The problem —
So long as no pictures are carried over, output the records below exactly.
* * * *
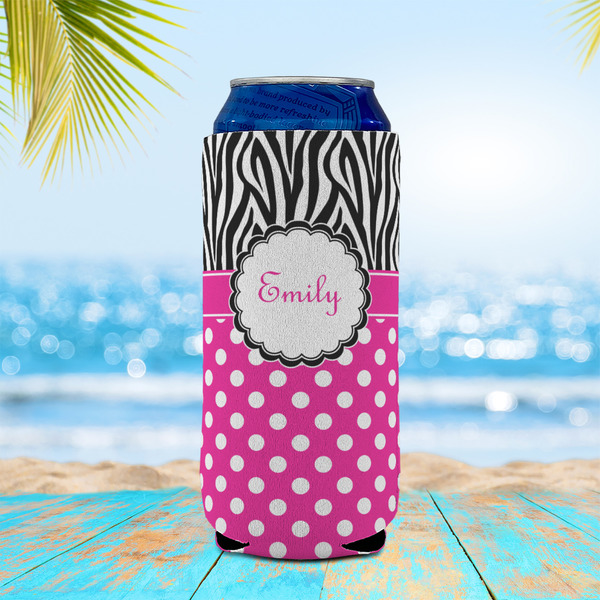 Zebra Print & Polka Dots 16oz Can Sleeve - LIFESTYLE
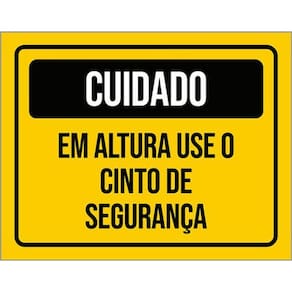 Kit 3 Placas Cuidado Em Altura Use Cinto De Segurança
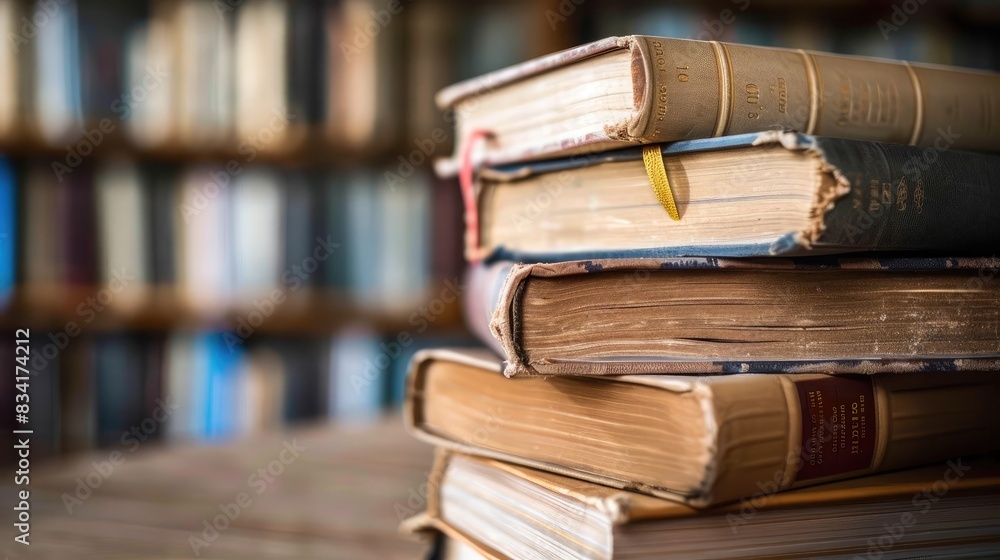 Neatly stacked books with bookmarks peeking out, symbolizing organized study and reading habits Neatly stacked books with bookmarks peeking out, symbolizing organized study and reading habits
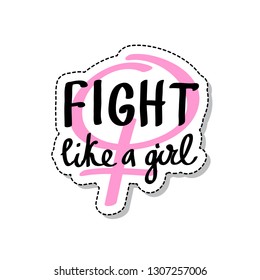 fight like a girl doodle logo sticker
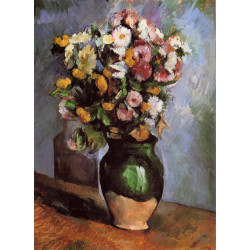 Flowers in an olive jar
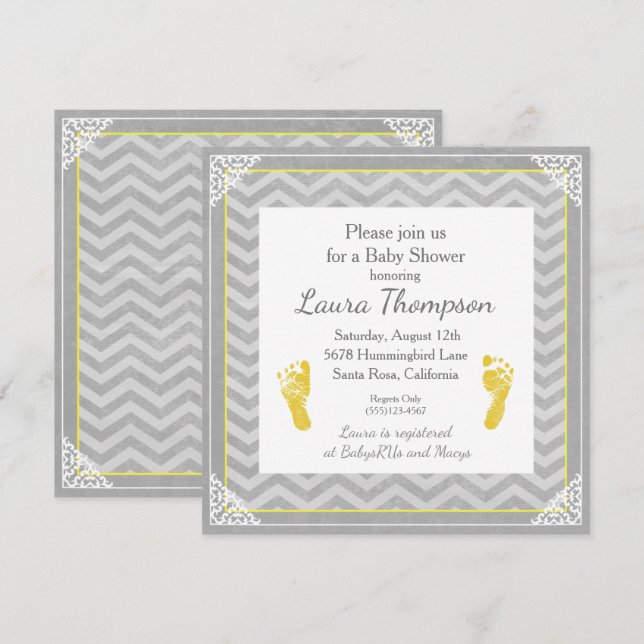 Baby Shower Invitation Grey Chevron Stripe (Front/Back)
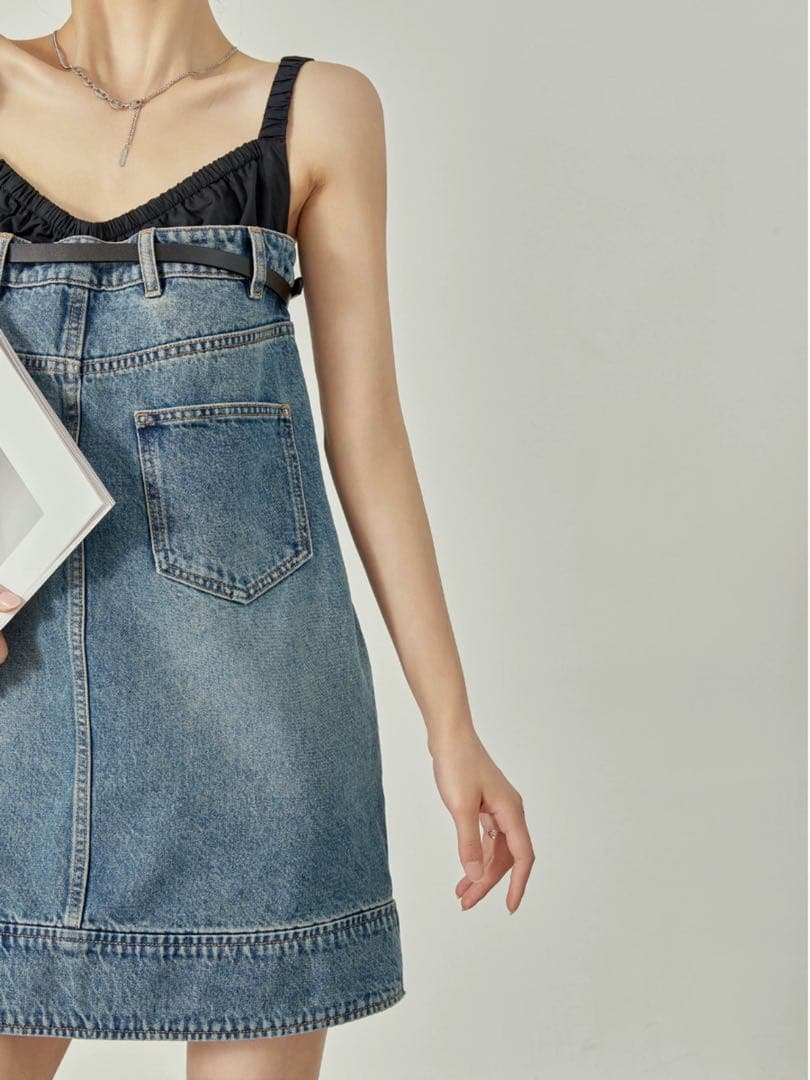 【LLL LAB】Denim Docking Cami Dress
* * * *
Exercise result —
 Zebra Print & Polka Dots 16oz Can Sleeve - LIFESTYLE
 Kit 3 Placas Cuidado Em Altura Use Cinto De Segurança
 Neatly stacked books with bookmarks peeking out, symbolizing organized study and reading habits Neatly stacked books with bookmarks peeking out, symbolizing organized study and reading habits
 fight like a girl doodle logo sticker
 Flowers in an olive jar
 Baby Shower Invitation Grey Chevron Stripe (Front/Back)
 【LLL LAB】Denim Docking Cami Dress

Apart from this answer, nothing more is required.